Set down each line of the data below exactly as it stands, dropping the pictures.

(Beginning of Data provided)

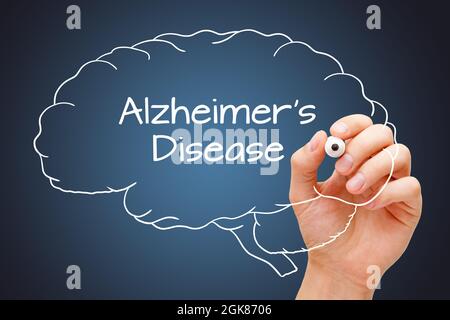 Hand writing Alzheimers Disease on drawn human brain with white marker on dark blue background. Stock Photo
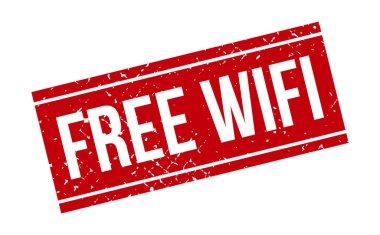 Bedava Wifi Rubber Pulu. Kırmızı Beleş Wifi Rubber Grunge Mühür Vektör Çizimi - Vektör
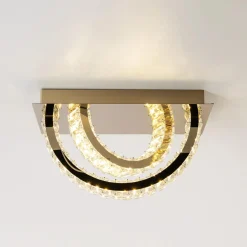 Lampa sufitowa 2 pierścienie złota TULA na pilota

(End of Data provided)

Answer:
 Hand writing Alzheimers Disease on drawn human brain with white marker on dark blue background. Stock Photo
 Bedava Wifi Rubber Pulu. Kırmızı Beleş Wifi Rubber Grunge Mühür Vektör Çizimi - Vektör
 Lampa sufitowa 2 pierścienie złota TULA na pilota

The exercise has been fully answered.